La condena de existir
Porque la libertad no es un baluarte en el que refugiarse, sino una cárcel, una prisión de cristal. Una burbuja que nos secuestra y nos enfrenta.

La condena de existir
La libertad parece gustosa y apetecible. Como fruta fresca al alcance de la mano, la libertad se refleja en la sonrisa de los que la viven y resuena en los sueños de los que aún no la disfrutan. La libertad, esa virtud por la que se mata y se muere, el corazón de los imperios contemporáneos, aquello de lo que se vanaglorian los gobiernos y por lo que se quejan los que no entienden su esencia.
La libertad se ha repetido hasta la saciedad, perdiendo su significado por un sinónimo tergiversado. La libertad se ha transformado en libertinaje y el libertinaje en ley. Perdimos el Norte y nos adentramos en la oscura boca del sinsentido, porque si no conocemos los ropajes con los que se viste Marianne, no podríamos encontrarla aunque la tuviéramos enfrente.
Porque la libertad no es un baluarte en el que refugiarse, sino una cárcel, una prisión de cristal. Una burbuja que nos secuestra y nos enfrenta al adormecimiento del conformismo. El libertinaje mal aplicado nos entumece, nos transporta a un sueño debajo de un árbol de Brugmansia. Somos los que creemos ser, pero no recordamos la necesidad de hacernos cargo del peso de ser lo que somos. Ahí es en donde se pierde el significado. La existencia precede a la esencia, pero, ¿qué significa eso? Existimos en esta vida, sin rumbo y sin sentido, manejando las realidades con nuestra propia presencia. La libertad se enfrenta a la vida.
¿Qué es la libertad? Una condena, un castigo. La capacidad de poder escoger cualquier rumbo, cualquier camino, no es un claro en el bosque, es una tormenta en el horizonte. Porque la libertad pide un pago, requiere de una retribución. La libertad se nos presenta como un navío dispuesto a zarpar, una ruta verde y fresca que se transforma en un duro camino de piedra. Las decisiones que tomamos revuelven el camino que se presenta frente a nosotros.

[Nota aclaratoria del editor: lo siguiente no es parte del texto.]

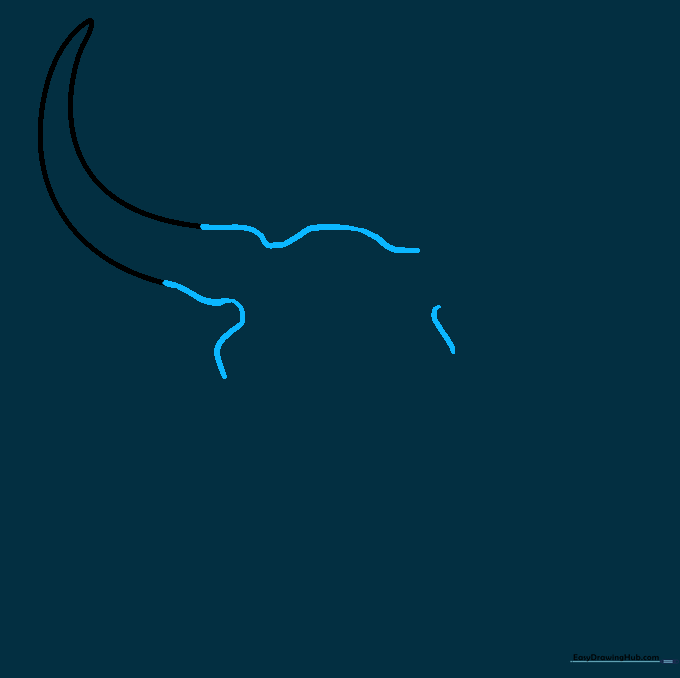 Drawing the top of the bull skull with a space for the second horn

Somos los que decidimos ser, estamos encadenados a tener que hacernos cargo de todas y cada una de las opciones que tomamos de la mesa.

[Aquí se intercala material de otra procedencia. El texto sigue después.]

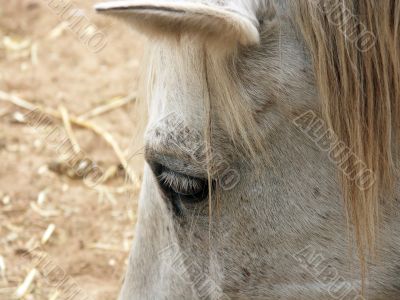 old horse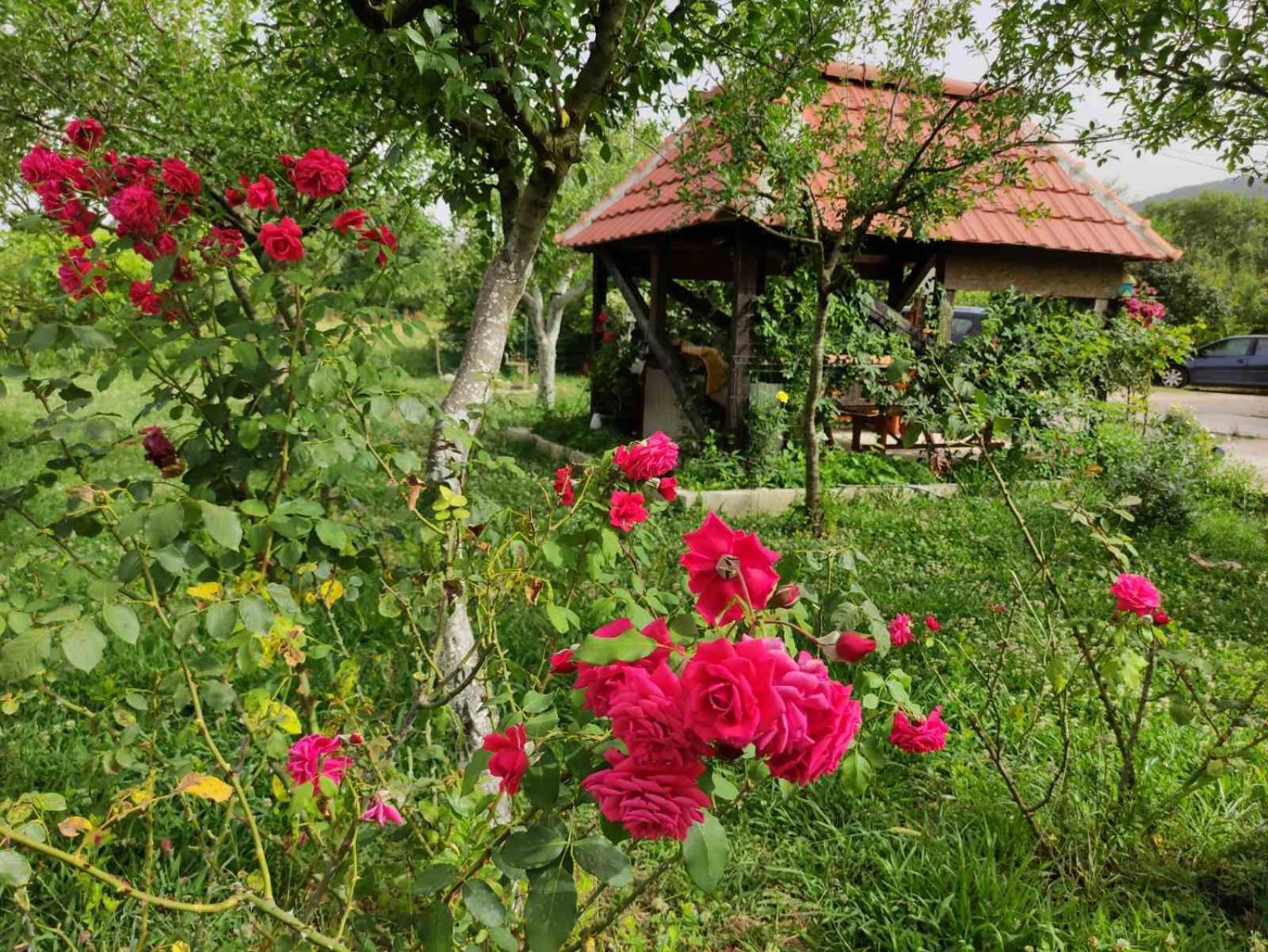 Green Valley Kotor Ngoại thất bức ảnh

La libertad nos ciega, nos atrapa y nos miente. Nos hace creer que tenemos las riendas del potro salvaje de la vida, pero no somos nada más que adictos persiguiendo la sombra de aquello que creemos querer. Nuestra vida, eso por lo que nos defendemos, comencemos, dormimos y bebemos, es un conglomerado de opciones que nos arrebata el sentido. La falta de una ruta clara, la carencia de alguien que nos guíe, la inexistencia de un objetivo primordial hace que nos perdamos entre las ramas de un sinfín de incoherencias.
La responsabilidad, la obligación de hacernos caso de todo aquello que decidimos, es el único faro que nos queda en este oscuro mar por el que navegamos sin vigía. ¡Qué distinta se ve la huerta cuando el jardinero entiende sus deberes!
Porque vivir sin peso, sin cadenas es mucho más cómodo, como es obvio, pero no tiene sentido no dejar marcada la huella de tu presencia en el suelo. La libertad no se entiende sin la responsabilidad, es aquello que contextualiza, le da un sentido, una dirección a una carreta que rueda sin control. Una vez se interioriza la incapacidad de vivir, de sentir, de existir en esta dimensión sin la virtud de hacerse cargo de los desperfectos, errores, victorias y aciertos que nuestras acciones hacen caer sobre nosotros.
Esa es la llave de la luz, del entendimiento, el comprender que no somos espíritus que deambulan por el Edén sin trayecto, sino que somos seres, de carne y hueso, con consciencia y albedrío, que deben darle dirección a su rumbo.